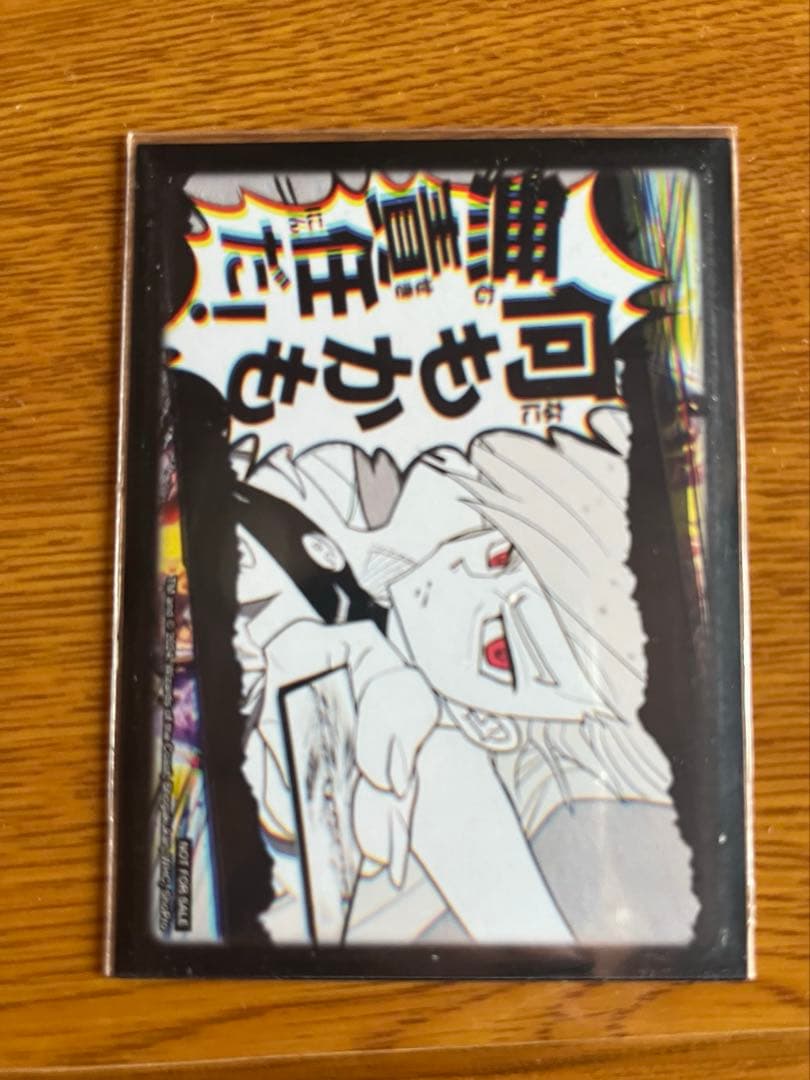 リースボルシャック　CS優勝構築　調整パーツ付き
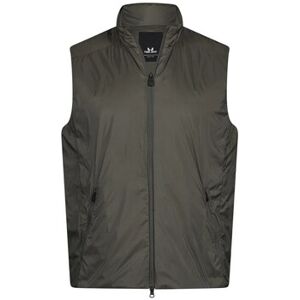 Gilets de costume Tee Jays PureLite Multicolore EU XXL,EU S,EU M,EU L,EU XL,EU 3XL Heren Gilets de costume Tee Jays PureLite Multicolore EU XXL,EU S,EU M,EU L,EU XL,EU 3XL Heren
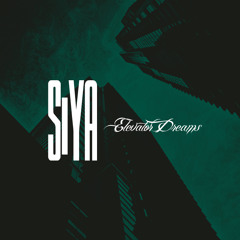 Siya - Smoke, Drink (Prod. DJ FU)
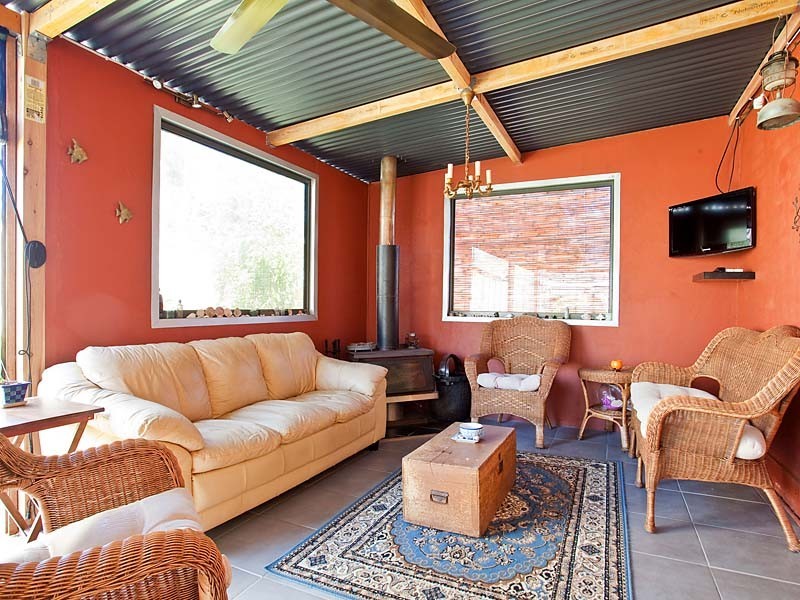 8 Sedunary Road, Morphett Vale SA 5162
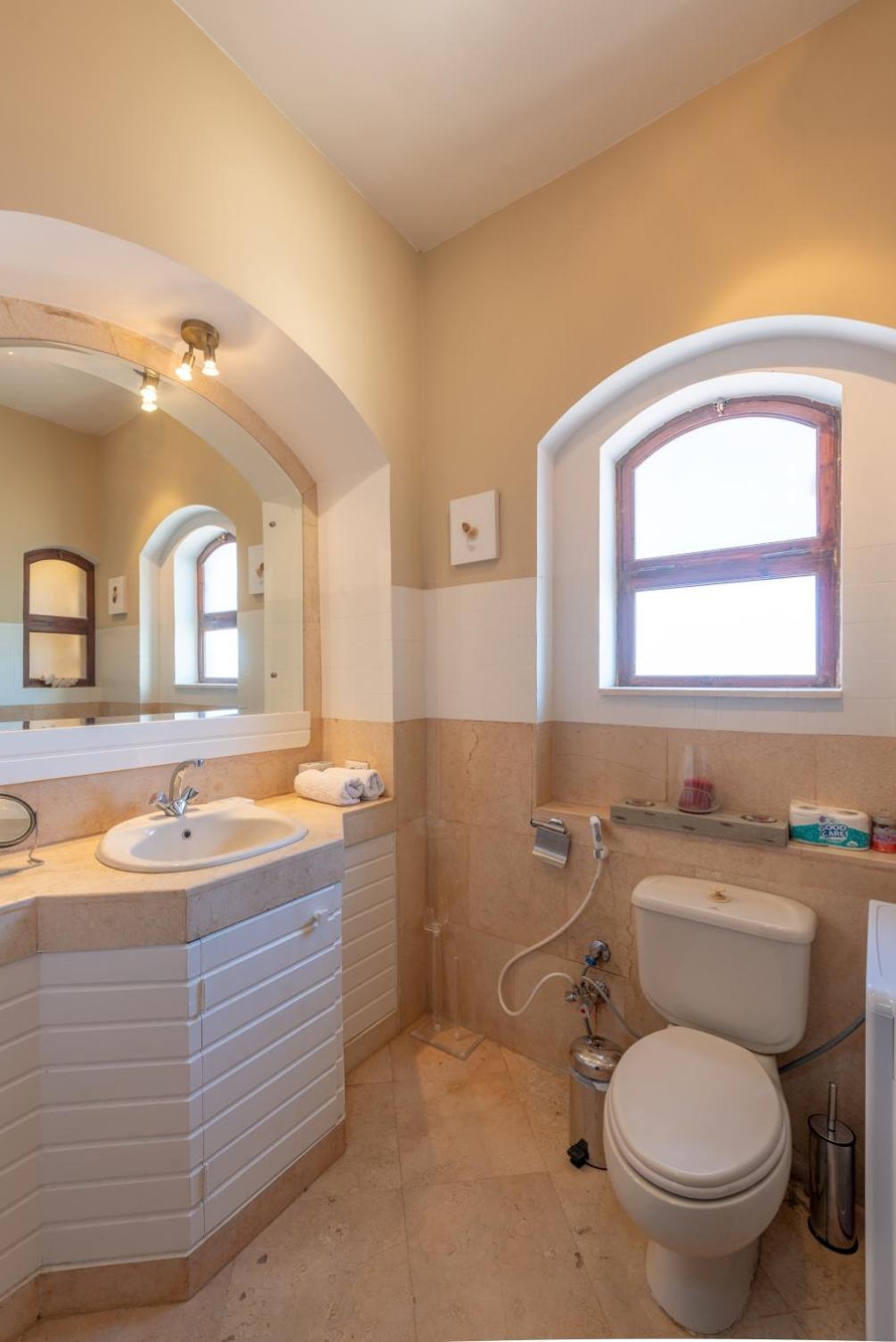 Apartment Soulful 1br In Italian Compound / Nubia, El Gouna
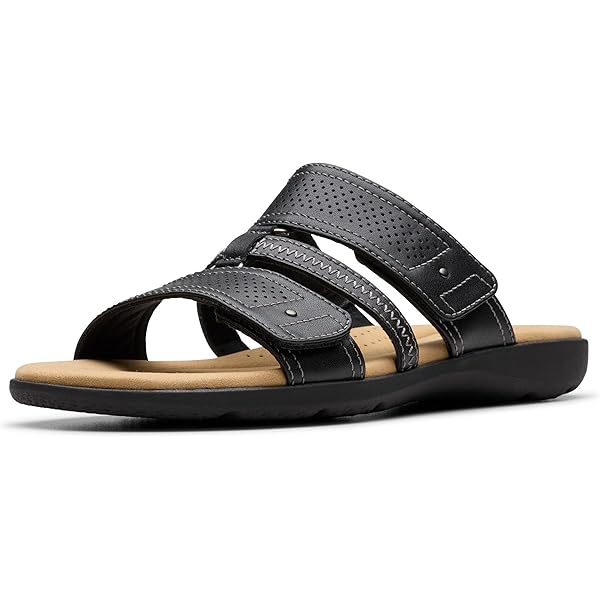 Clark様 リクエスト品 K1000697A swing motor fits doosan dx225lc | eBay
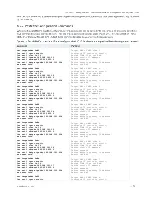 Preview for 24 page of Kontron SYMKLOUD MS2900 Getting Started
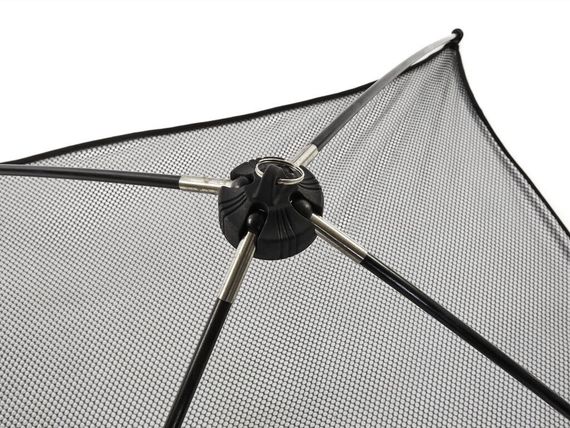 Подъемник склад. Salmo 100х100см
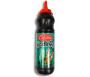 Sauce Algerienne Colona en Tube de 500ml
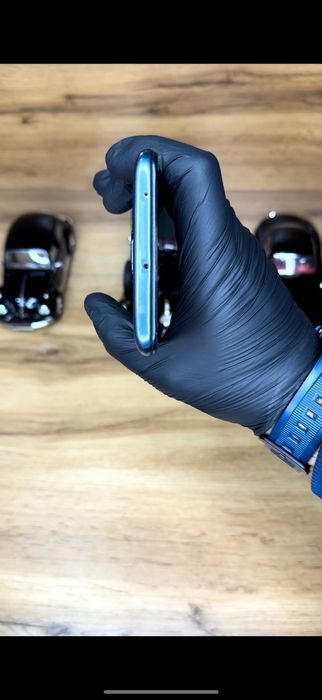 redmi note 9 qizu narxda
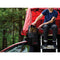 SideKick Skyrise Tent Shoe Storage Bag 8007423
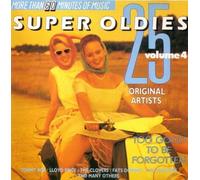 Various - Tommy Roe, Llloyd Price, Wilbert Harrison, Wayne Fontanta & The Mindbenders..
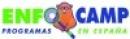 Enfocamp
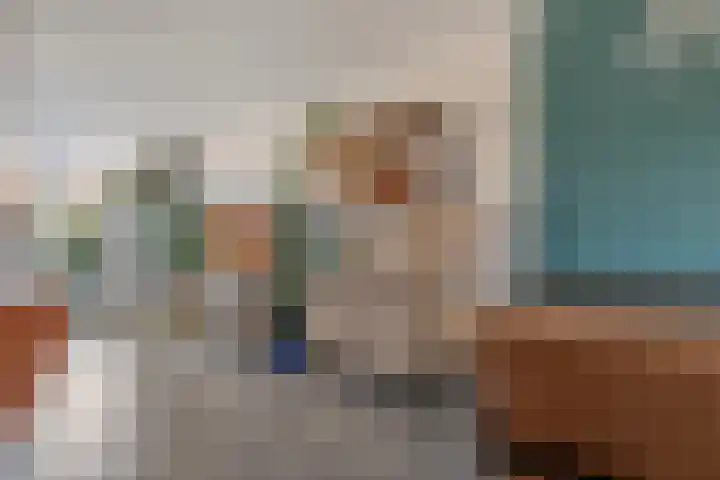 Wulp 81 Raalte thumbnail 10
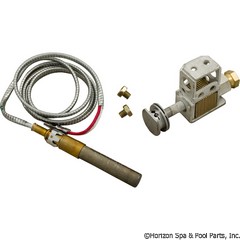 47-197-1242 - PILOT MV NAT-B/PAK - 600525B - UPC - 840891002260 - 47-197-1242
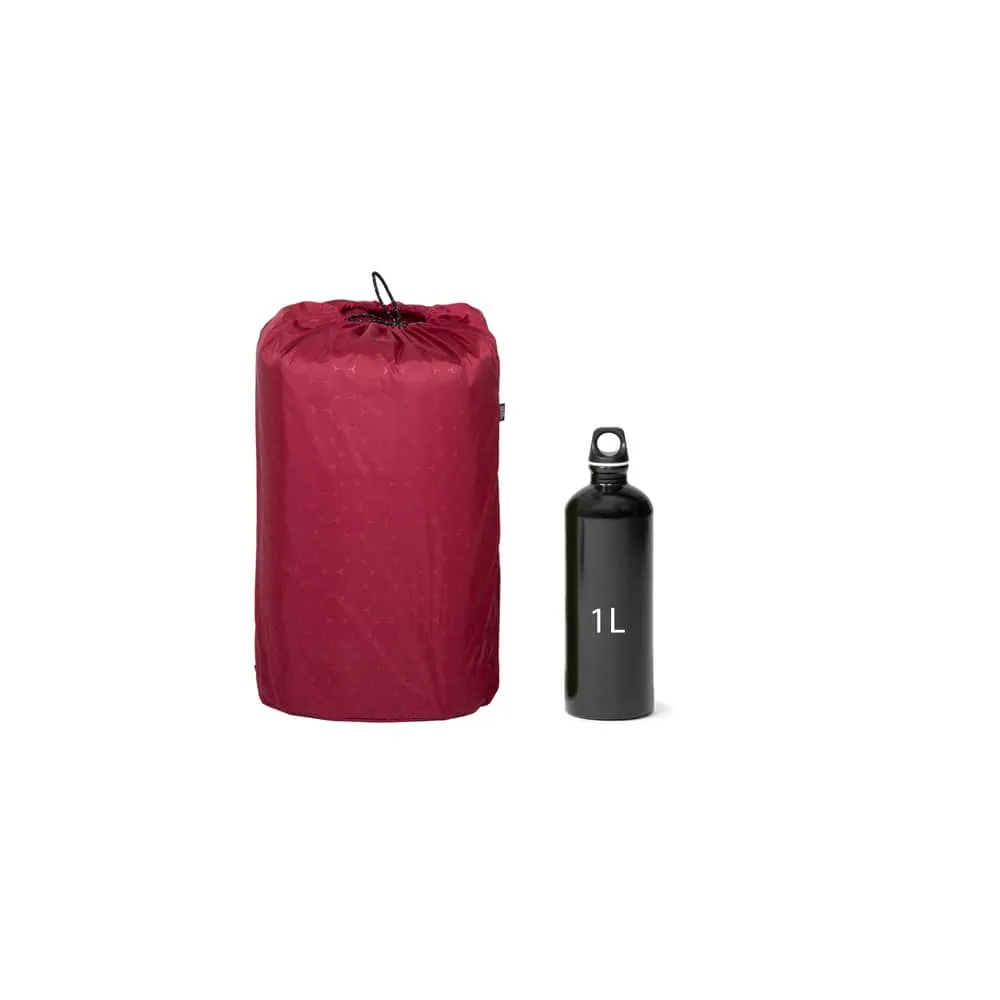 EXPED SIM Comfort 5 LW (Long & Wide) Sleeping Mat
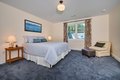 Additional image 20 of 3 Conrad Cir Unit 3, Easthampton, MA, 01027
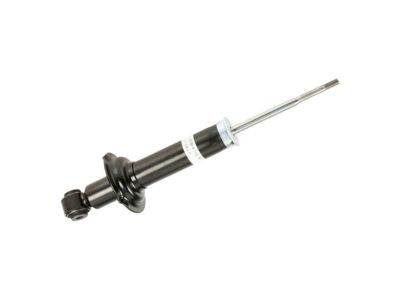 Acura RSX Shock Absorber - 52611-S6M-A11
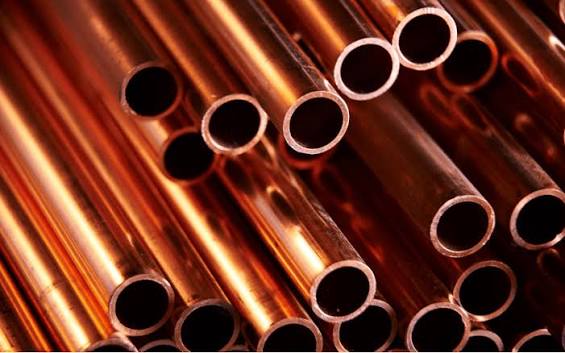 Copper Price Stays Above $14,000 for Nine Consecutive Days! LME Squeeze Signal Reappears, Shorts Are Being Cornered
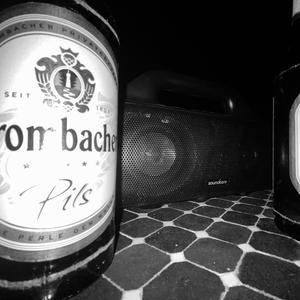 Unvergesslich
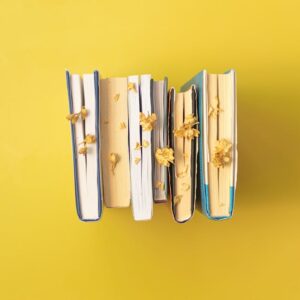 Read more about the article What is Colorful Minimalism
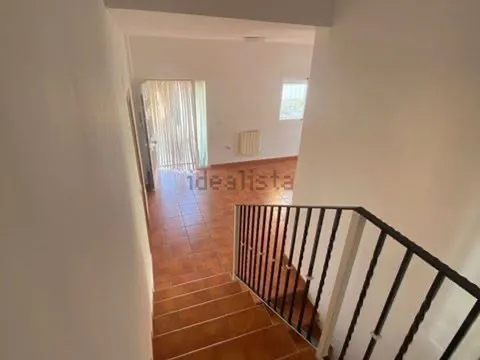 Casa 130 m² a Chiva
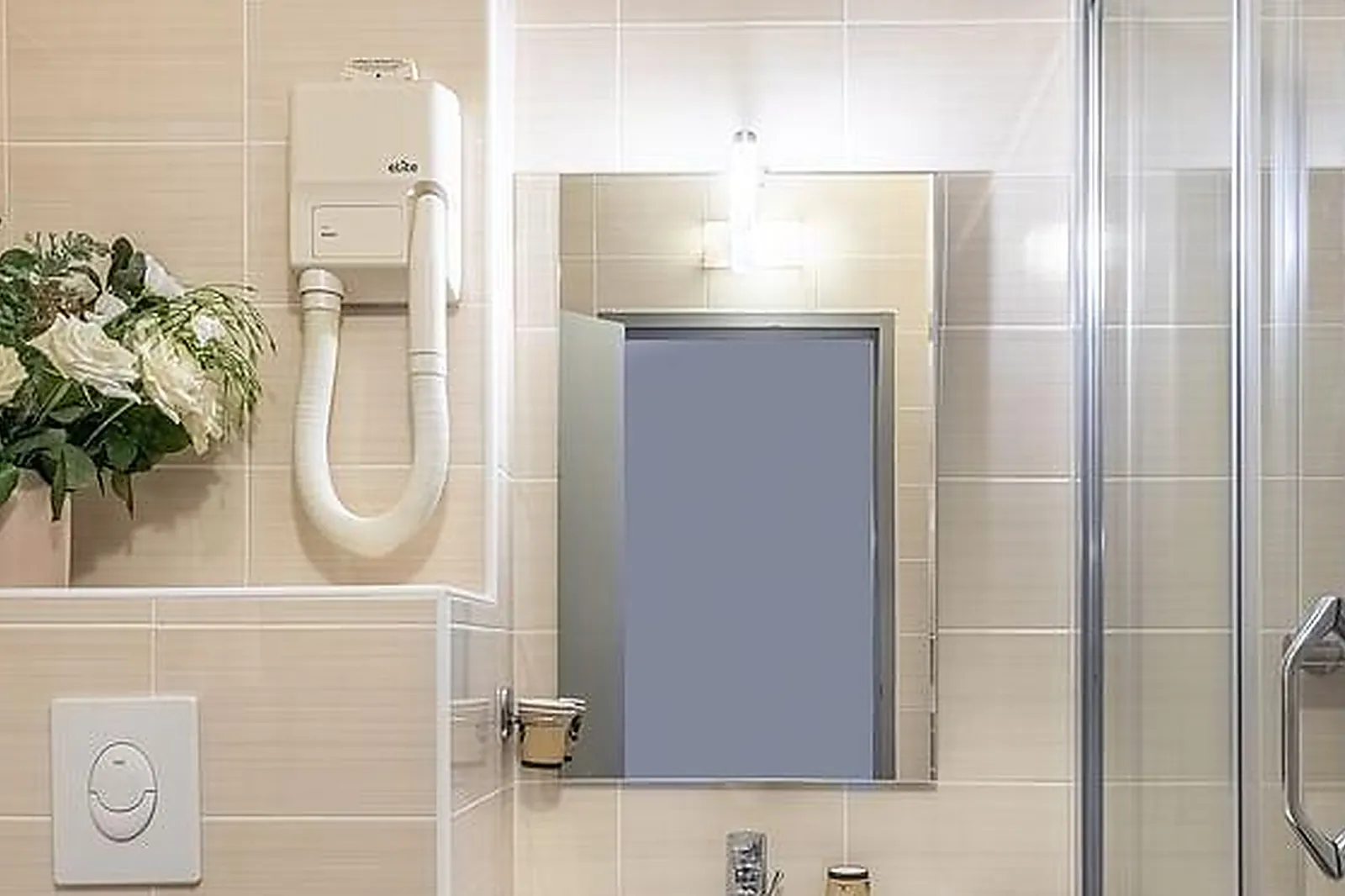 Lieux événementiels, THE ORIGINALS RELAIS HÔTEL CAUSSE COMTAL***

— DESCRIPTION OF THE TASK —
An exact copy of the lines from the one with "Unvergesslich" through the end of the entries above, both included, is the whole answer. It contains no pictures.

— TASK RESPONSE —
 Unvergesslich
 Read more about the article What is Colorful Minimalism
 Casa 130 m² a Chiva
 Lieux événementiels, THE ORIGINALS RELAIS HÔTEL CAUSSE COMTAL***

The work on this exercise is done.